RECORDS TO USE:
______________________________
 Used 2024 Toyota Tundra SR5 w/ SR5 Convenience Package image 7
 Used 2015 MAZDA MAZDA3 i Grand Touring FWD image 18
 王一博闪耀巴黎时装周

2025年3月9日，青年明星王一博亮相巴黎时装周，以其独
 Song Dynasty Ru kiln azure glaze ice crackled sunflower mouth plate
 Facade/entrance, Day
______________________________
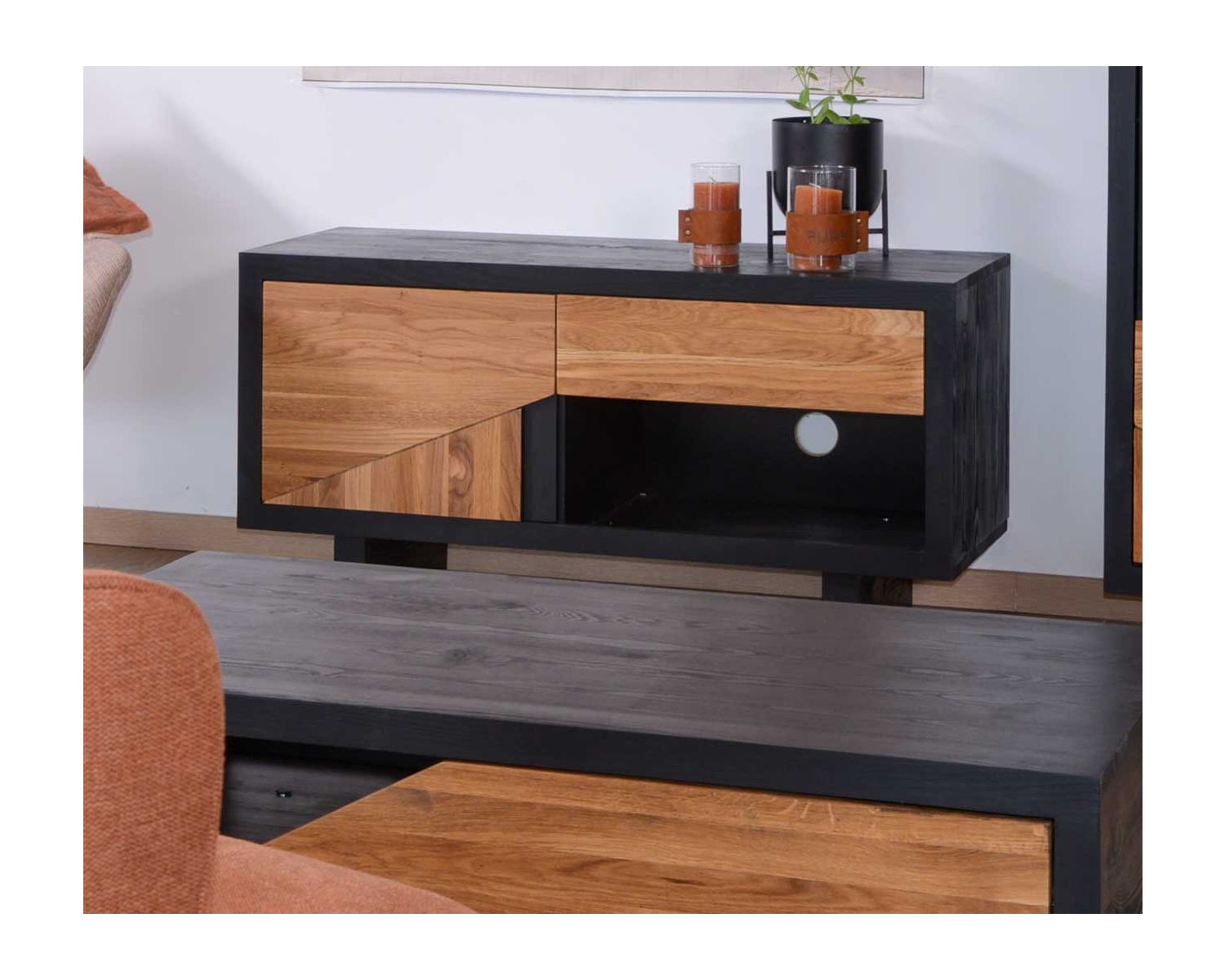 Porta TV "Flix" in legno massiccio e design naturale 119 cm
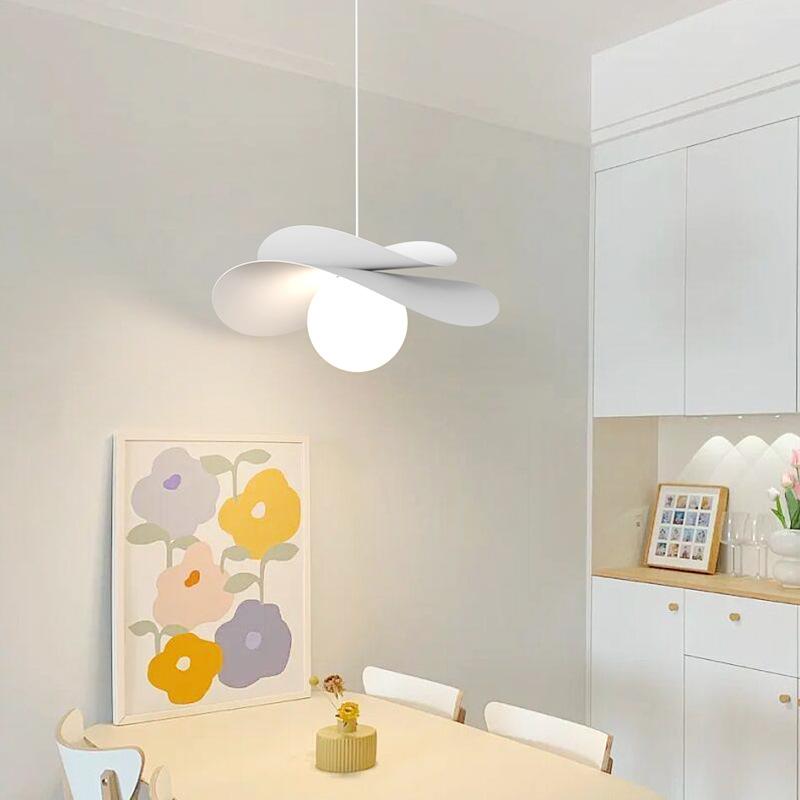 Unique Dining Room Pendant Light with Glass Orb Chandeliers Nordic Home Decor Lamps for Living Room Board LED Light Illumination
______________________________
YOUR INSTRUCTIONS:
Return exactly the stretch above whose first line contains "naturale 119 cm" and whose last line contains "Unique Dining Room", and nothing outside it. The pictures should not appear.

EXPECTED ANSWER:
 Porta TV "Flix" in legno massiccio e design naturale 119 cm
 Unique Dining Room Pendant Light with Glass Orb Chandeliers Nordic Home Decor Lamps for Living Room Board LED Light Illumination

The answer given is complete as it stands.